═══ Supplied records
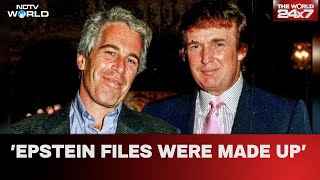 Trump On Epstein Files | Trump Massive Statement On Epstein Files, Claims Innocence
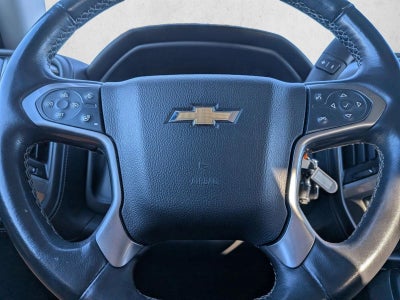 2015 Chevrolet Silverado 1500 Crew Cab Short Box 2-Wheel Drive LTZ Z71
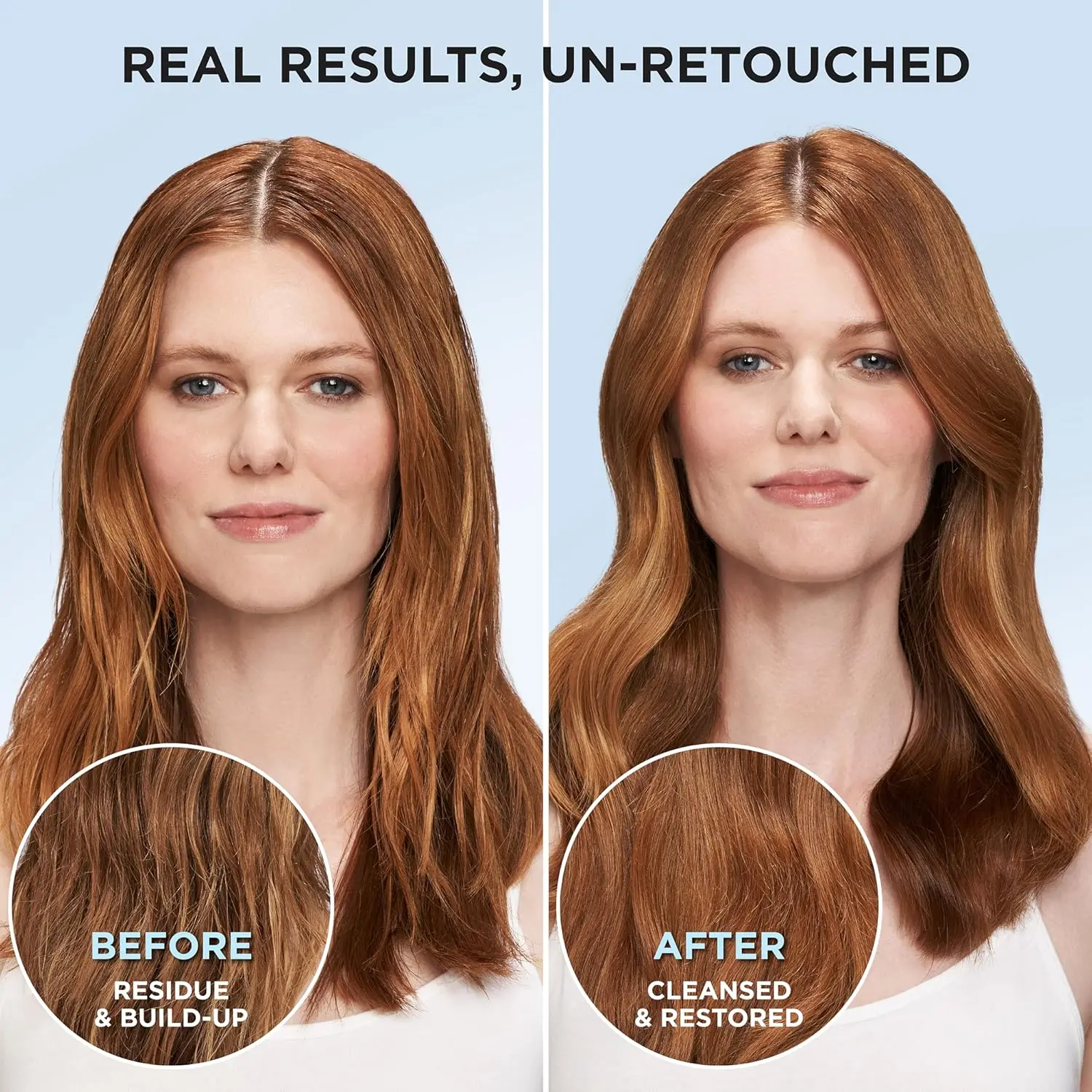 L'Oreal Paris EverPure Clarify and Restore shampoo and conditioner set protects color-treated hair from fading by removing residue and build-up while delivering moisture.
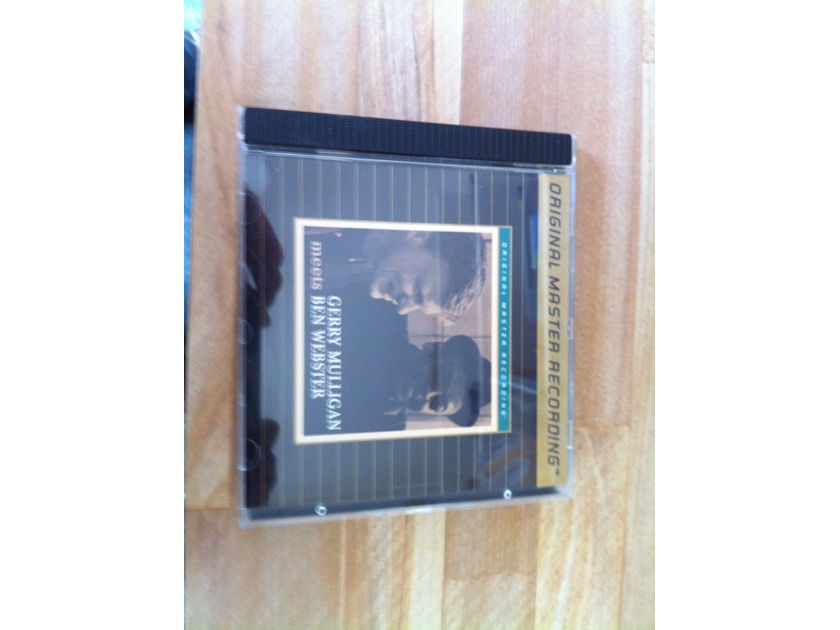 Gerry Mulligan & Ben Webster - Gerry Mulligan meets Ben Webster MFSL Ultradisc II - gold CD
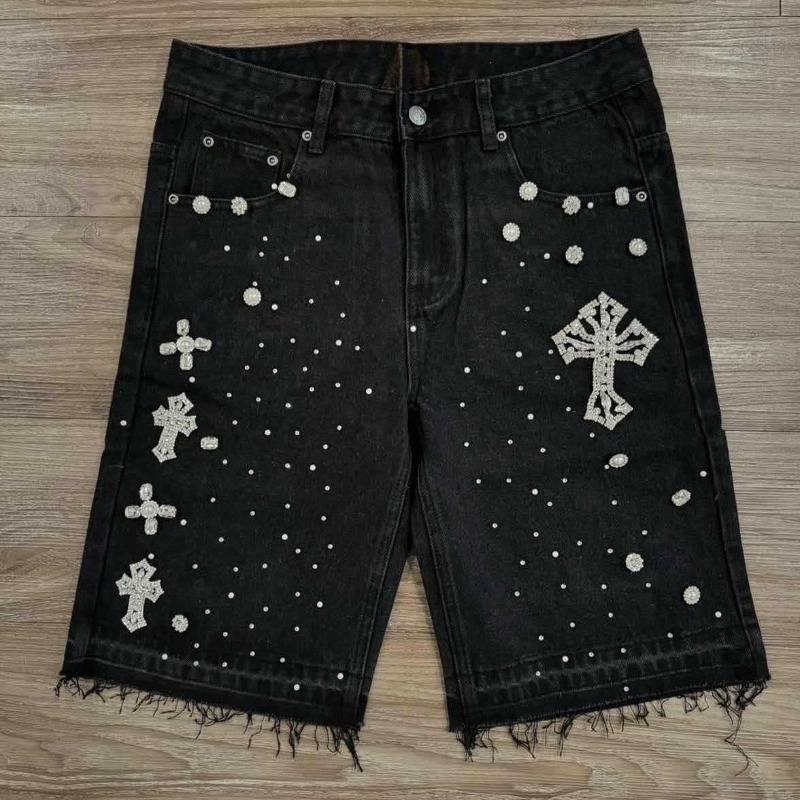 Deeptown Y2k ゴシッククロスダイヤモンド刺繍女性 - Embroidery Effect のレビューと価格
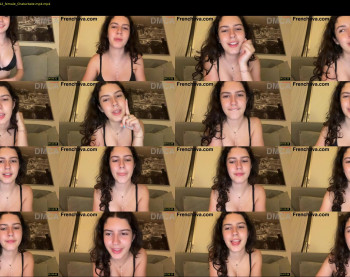 frenchava — 3 minute Chaturbate female cam show recording, 720p, Jun 12, 2024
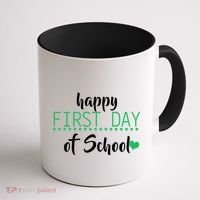 Happy First Day Of School Logo Coffee Mug thumb 1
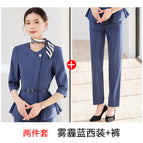 Haze blue suit + pants / S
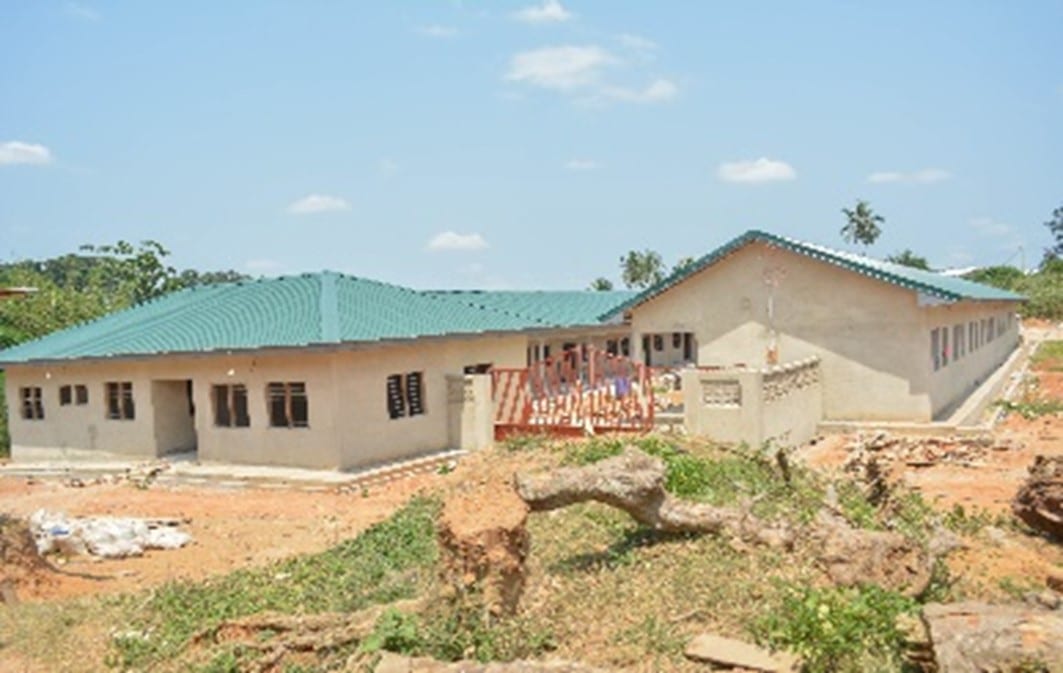 Ultra-Modern Science Laboratory Block at Bisease SHS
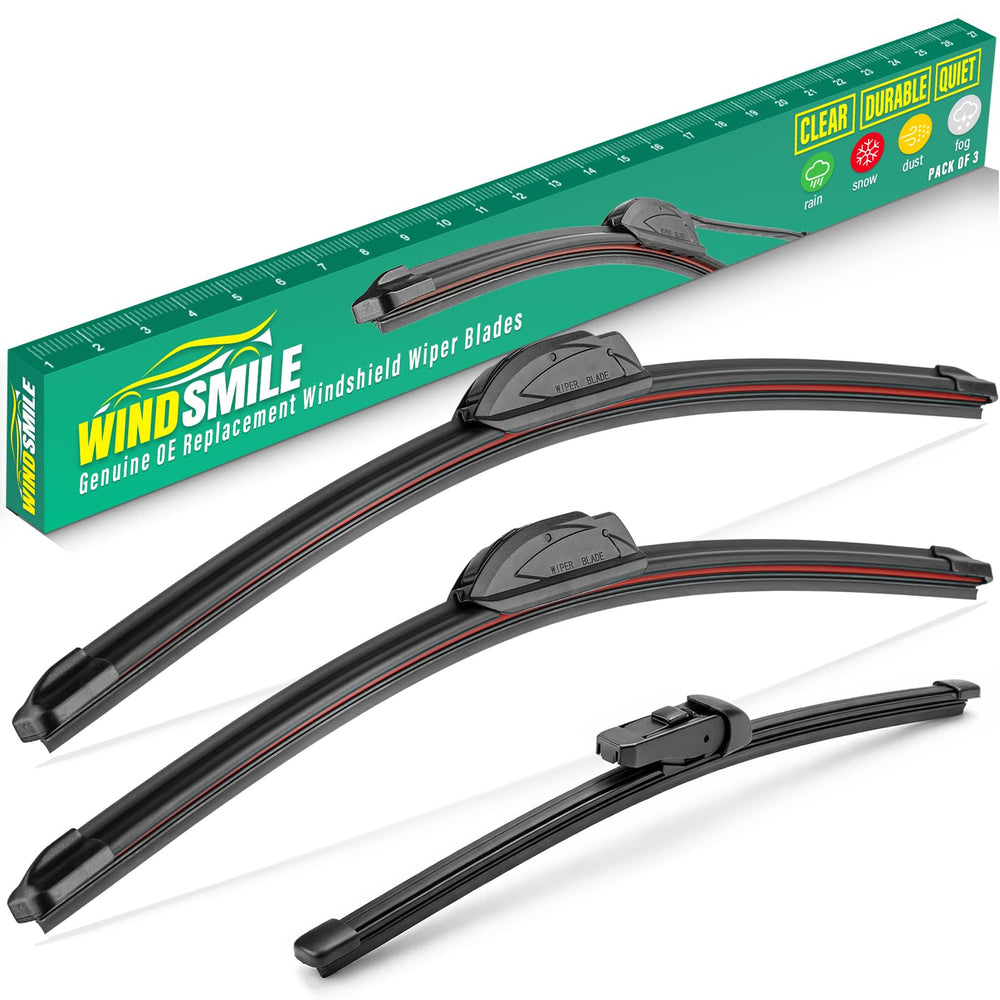 WINDSMILE front packaging showing full replacement set and sizing benefit
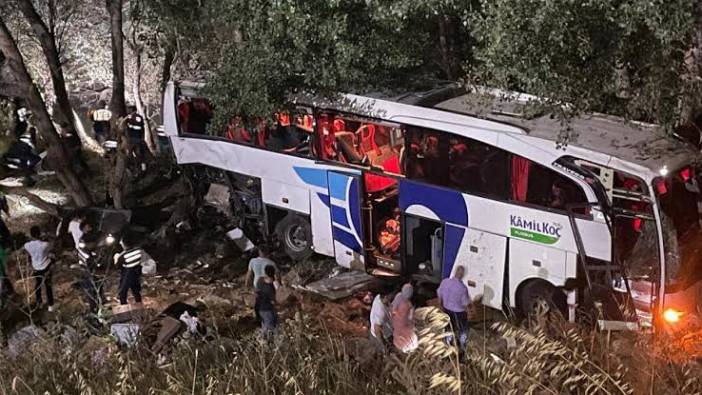 12 kişinin öldüğü kazada kahreden gerçek ortaya çıktı. Yolcu otobüsü şarampole yuvarlanmıştı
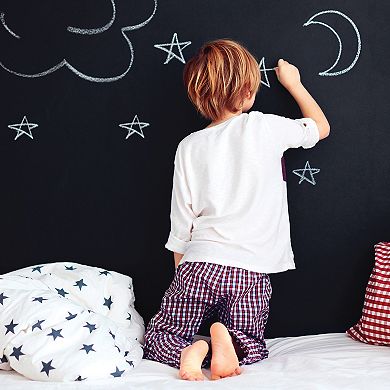 Tempaper Chalkboard Peel and Stick Wallpaper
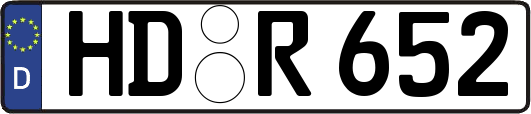 HD-R652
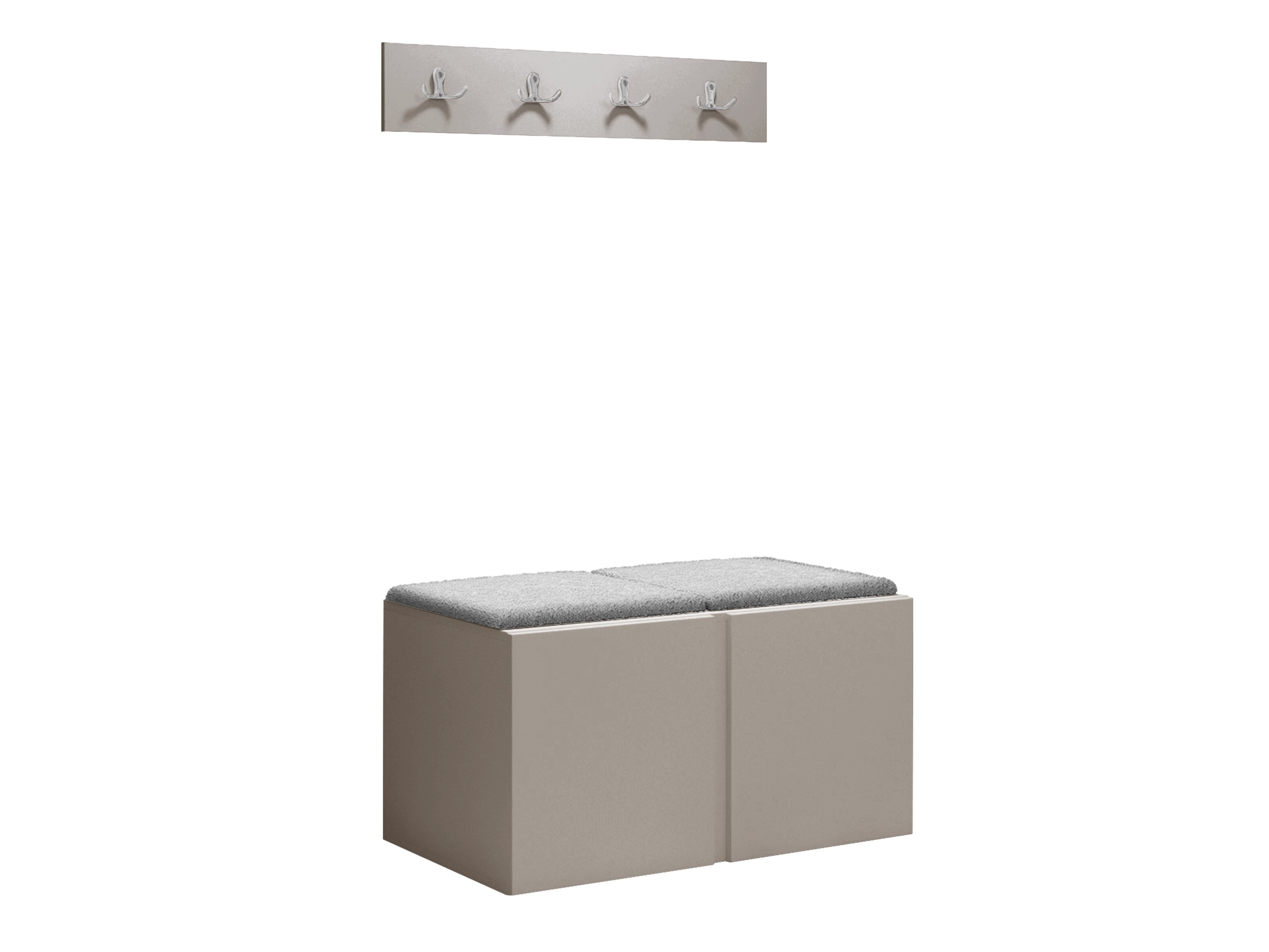 Set arredo da corridoio Pinis VI (Cachemire)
══════
• Activity: Reproduce the lines above, exactly and exclusively, from the line containing "Happy First Day" down to the last line, both included; pictures are not part of the copy.

• Response:
 Happy First Day Of School Logo Coffee Mug thumb 1
 Haze blue suit + pants / S
 Ultra-Modern Science Laboratory Block at Bisease SHS
 WINDSMILE front packaging showing full replacement set and sizing benefit
 12 kişinin öldüğü kazada kahreden gerçek ortaya çıktı. Yolcu otobüsü şarampole yuvarlanmıştı
 Tempaper Chalkboard Peel and Stick Wallpaper
 HD-R652
 Set arredo da corridoio Pinis VI (Cachemire)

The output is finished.